Please print, exactly as written, the line containing "hiforce 100 mg" and each line after it through the end of the material; pictures stay out.

━━━━━ SUPPLIED INFORMATION ━━━━━

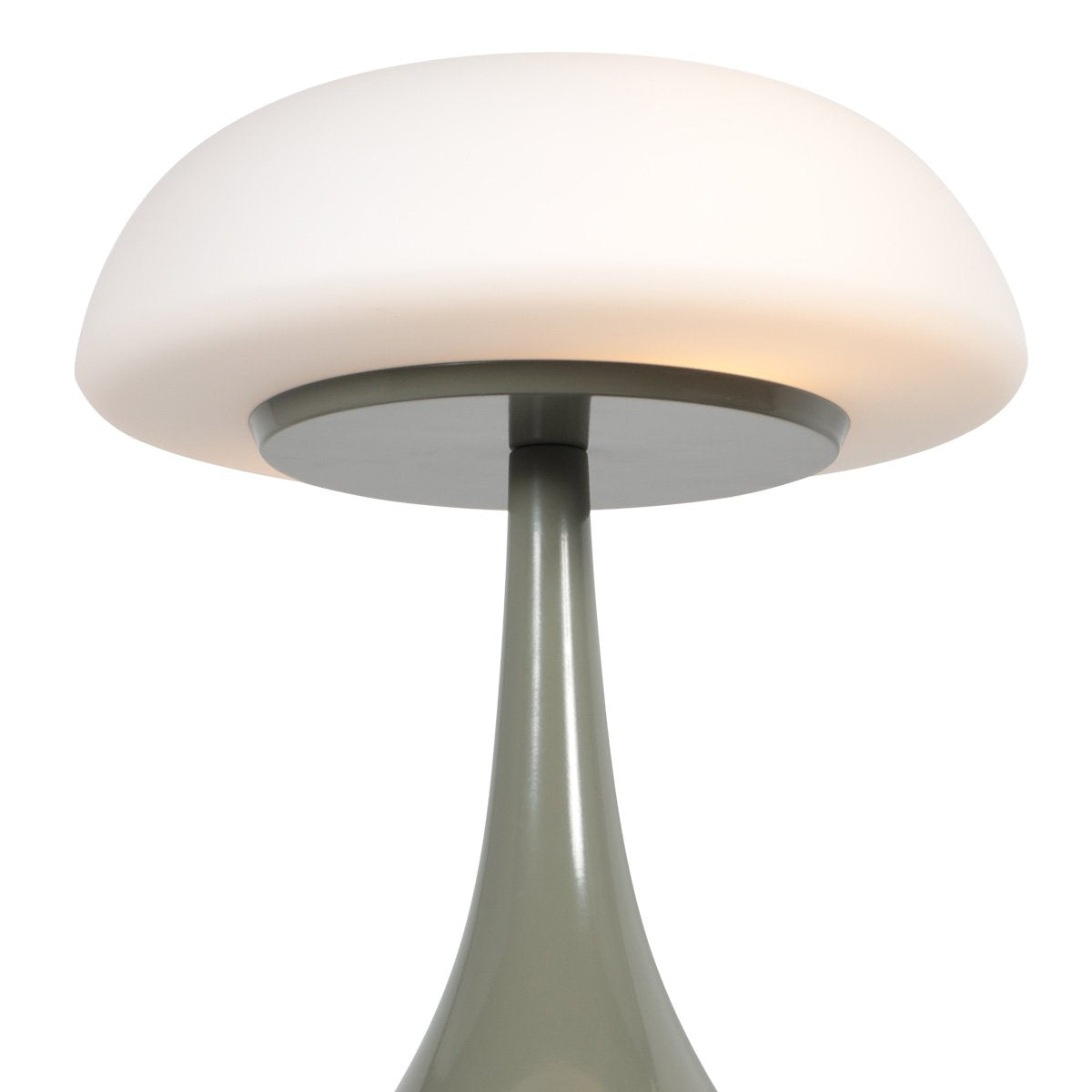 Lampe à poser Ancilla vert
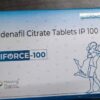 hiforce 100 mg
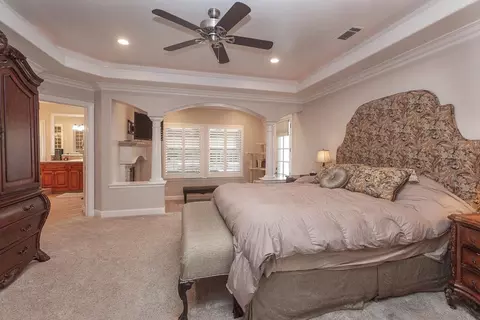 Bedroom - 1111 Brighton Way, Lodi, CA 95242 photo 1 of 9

━━━━━

# SOLVED PROBLEM
 hiforce 100 mg
 Bedroom - 1111 Brighton Way, Lodi, CA 95242 photo 1 of 9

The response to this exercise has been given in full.